Clarification on URL Schema Handling and S3 Subdomain Identification

ifconfig-me / subowner

SubOwner - A Simple tool check for subdomain takeovers.

92 stars 22 forks source link

Clarification on URL Schema Handling and S3 Subdomain Identification #2

Closed Dark-Aura closed 6 days ago

Dark-Aura commented 6 days ago

python3 subowner.py -f list.txt

In list.txt, the URLs contain either with or without a schema. Please let me know.

For example:

cat list.txt https://github.com

cat list.txt github.com

Moreover, which tool are you using to identify and get s3.amazonaws.com as a subdomain list?

If I run subfinder, amass, findomain, etc. I didn't get that. How did you get s3.amazonaws.com in list.txt?
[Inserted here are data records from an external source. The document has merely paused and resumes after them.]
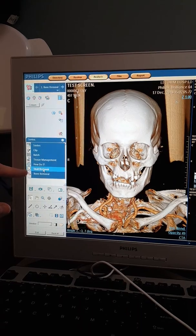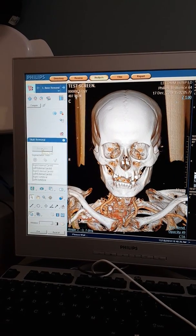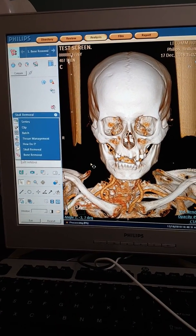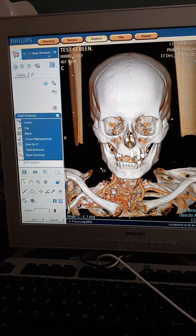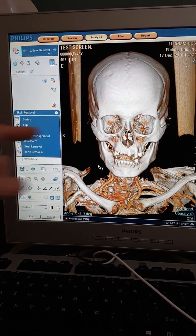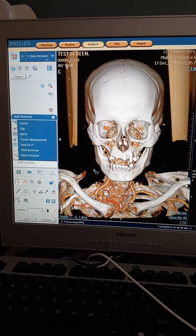We're going to go to skull removal, and because it's a bit finicky, we have to tell it to remove the skull again. Once you click that, it's going to remove the bone — it'll show you 'please wait' at the bottom. It usually takes a little while, getting to about 90–91 percent, and then takes a little break. When it's not visibly progressing, just wait until it finishes.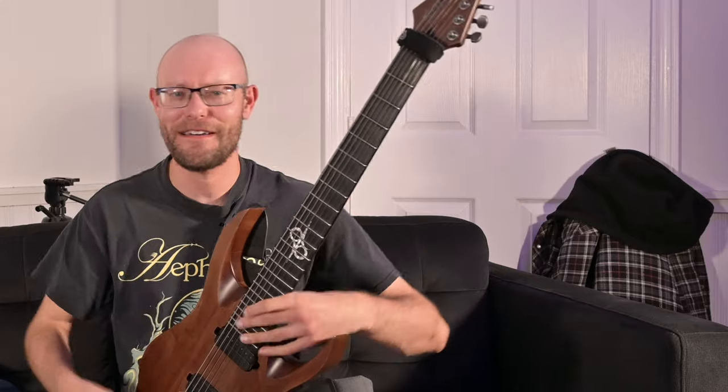Now, before we get going, I need you guys to click the like button, the subscribe button, and the notification... I already disliked this video. Who are you? I'm a Facebook critic, and I dislike any video that tells me to like and subscribe.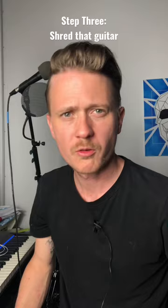How to write and record your own song. Step 1: Write a fucking song. Step 2: Smash those drums. Step 3: Shred that guitar.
ifconfig-me commented 6 days ago

Use the list without the schema. I have already added this function to the check_service_takeover function. The following loop adds the protocols (https:// and http://) to the subdomains before it start the scanning.

def check_service_takeover(subdomain, cname, service, output_file):
    try:
        for protocol in ['https://', 'http://']:
            url = f"{protocol}{subdomain}"
            print(f"Trying {url}")
....

Regarding s3.amazonaws.com, its the script discovers the AWS buckets by resolving the CNAME record for the subdomain using the get_cname function. This function makes a DNS query to retrieve the CNAME record associated with the subdomain.